Although the tea party movement’s activists are “leaderless” and divided in how radical they are in their approach toward incumbents, Goeas notes that voters sympathetic to the movement are deeply concerned about government spending. “Whichever party ties into that mood is going to be successful,” he said.

Both agree that there is a relatively narrow window between now and the November elections in which Democrats can avert significant erosion in their control of both houses of Congress.

The president attempted to turn the focus of his agenda toward the economy in the State of the Union address, the Republican pollster noted. “Unfortunately for Democrats, they had to spend the next two months talking about healthcare,” Goeas said.

“I think there was a calculation on the part of the Democrats in the House and the Senate that passing healthcare reform would undo the big problem -- kind of the big elephant in this election -- which is the lopsided intensity” of Republican and Democratic voters this year, Goeas said. “The question is how long” will the Republican fervor be there. “Will it last? My sense is that it will.”

The roughly even divide between support for Republicans and Democrats in the midterm elections “represents a crossroads,” Lake said. “There are challenges in here very much for both parties.”

The wars in Iraq and Afghanistan, retirement and Social Security, illegal immigration, taxes, terrorism and reforming Wall Street trailed as leading issues, in that order, with each ranked No. 1 by less than one in 10 of those surveyed in the Battleground Poll.

Those surveyed still placed confidence in congressional Democrats “turning the economy around,” by a margin of 47% to 41%. But they voiced more confidence in Republicans in Congress in “controlling wasteful spending,” 44% to 32%.

A slight majority, 52%, said they opposed the healthcare legislation that Obama signed. Forty-four percent said they supported it. [For the record: An earlier version of this story incorrectly said 44% said they opposed it.]

Thirty-four percent of the likely voters surveyed believed their families would benefit from the healthcare provisions contained in the legislation; 58% said their families would not benefit.

Democrats have a better public image on the question of “getting things done,” by a margin of 41% to 32% in the survey. But only 36% of those surveyed said the country was headed in the right direction, with 55% saying the nation was on the wrong track.

More than two-thirds of the likely voters surveyed, 68%, voiced disapproval for the job that Congress was doing. This sentiment was strongest among Republicans -- 92% voicing disapproval -- and among independent voters, with 70% voicing disapproval.

Forty-nine percent of those surveyed voiced approval for the job Obama was doing - a number similar to findings of the Gallup Poll and CNN and Opinion Research Corp. this week.

Yet Obama remains personally popular in the Battleground Poll, with 69% offering a positive opinion of him as a person.

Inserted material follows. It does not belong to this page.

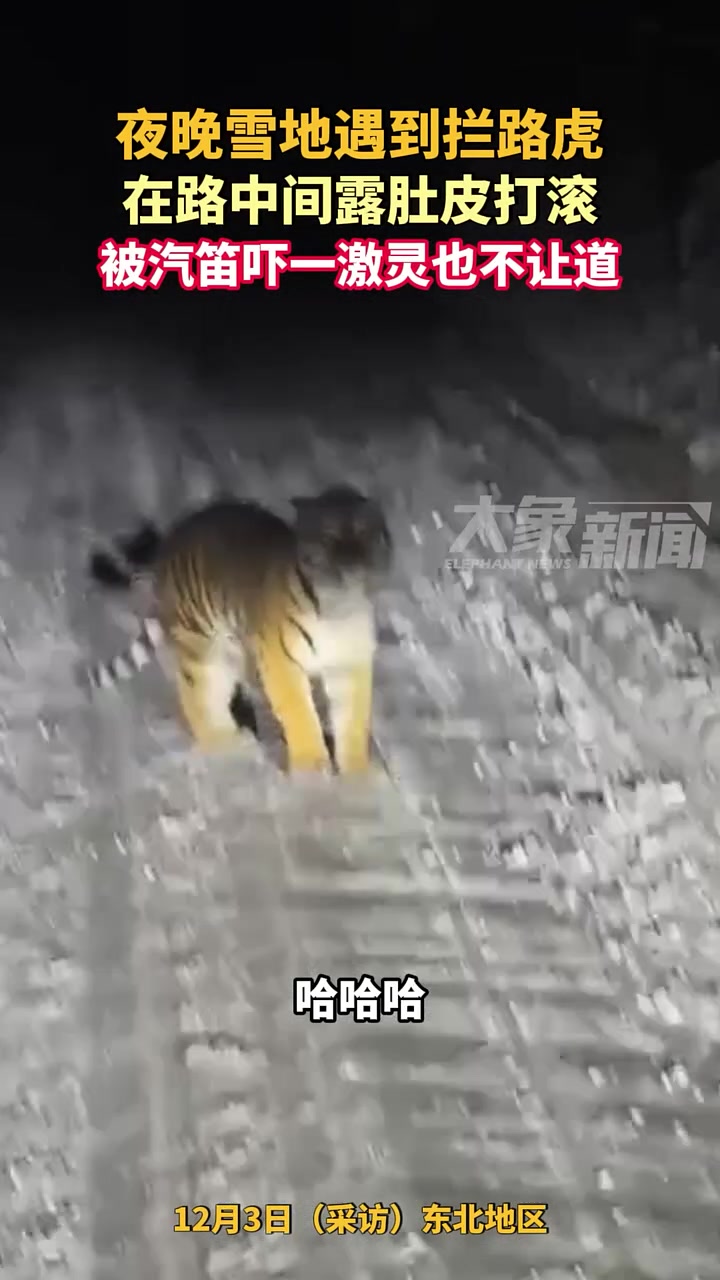 夜晚遇到拦路虎，在路中间露肚皮打滚，被汽笛吓一激灵也不让道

In the generic question of which party’s congressional candidates voters would be most likely to support in November, Republicans drew 42% of those surveyed and Democrats 40%, a statistical tie.

The survey of 1,000 registered, likely voters conducted April 5-8 by the Tarrance Group and Lake Research for George Washington University carrieed a possible margin of error of plus or minus 3.1 percentage points.